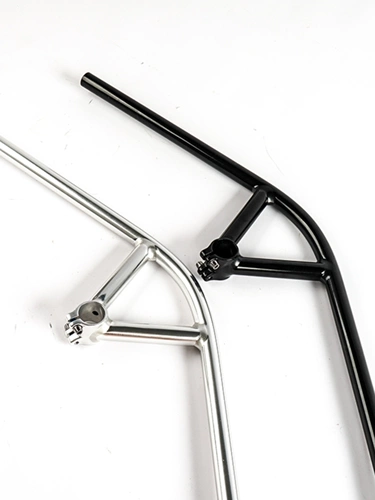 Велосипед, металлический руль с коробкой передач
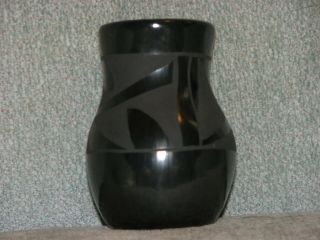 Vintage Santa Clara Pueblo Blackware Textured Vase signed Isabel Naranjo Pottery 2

--

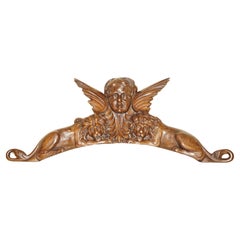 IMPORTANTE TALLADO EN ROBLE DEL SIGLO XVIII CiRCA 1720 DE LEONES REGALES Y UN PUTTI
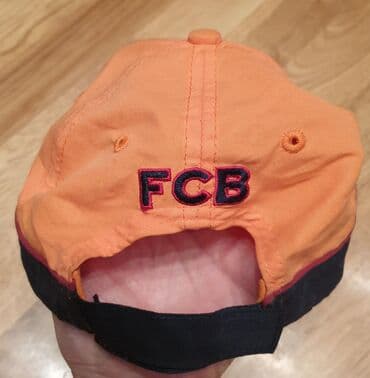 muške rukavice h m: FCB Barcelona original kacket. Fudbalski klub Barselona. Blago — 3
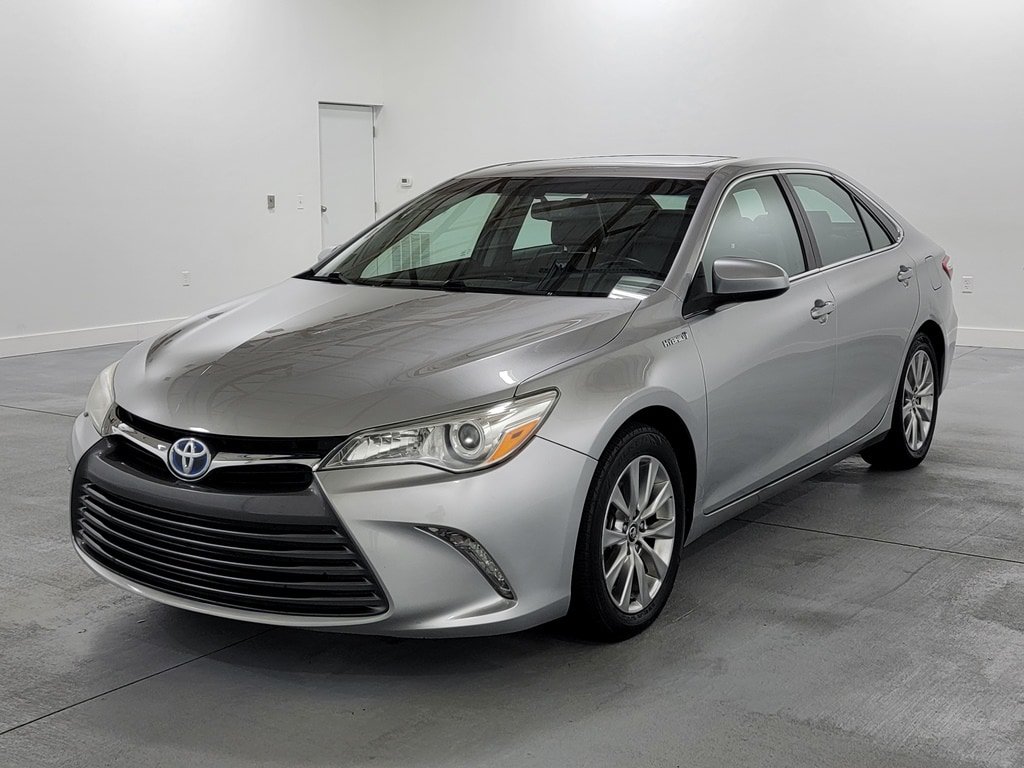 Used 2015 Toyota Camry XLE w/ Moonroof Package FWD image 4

--

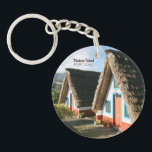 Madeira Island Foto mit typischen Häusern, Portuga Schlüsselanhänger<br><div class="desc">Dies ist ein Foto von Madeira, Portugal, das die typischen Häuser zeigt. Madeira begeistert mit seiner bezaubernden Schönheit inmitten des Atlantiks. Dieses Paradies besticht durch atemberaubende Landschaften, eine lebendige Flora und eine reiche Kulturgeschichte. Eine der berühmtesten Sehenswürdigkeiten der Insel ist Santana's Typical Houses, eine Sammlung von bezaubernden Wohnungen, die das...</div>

## AIM OF THE TASK
What you return from the records above should be exactly everything from the line with "IMPORTANTE TALLADO EN" down to the line with "Used 2015 Toyota", both kept, and no pictures.

## SOLUTION FOR THIS PROBLEM
 IMPORTANTE TALLADO EN ROBLE DEL SIGLO XVIII CiRCA 1720 DE LEONES REGALES Y UN PUTTI
 muške rukavice h m: FCB Barcelona original kacket. Fudbalski klub Barselona. Blago — 3
 Used 2015 Toyota Camry XLE w/ Moonroof Package FWD image 4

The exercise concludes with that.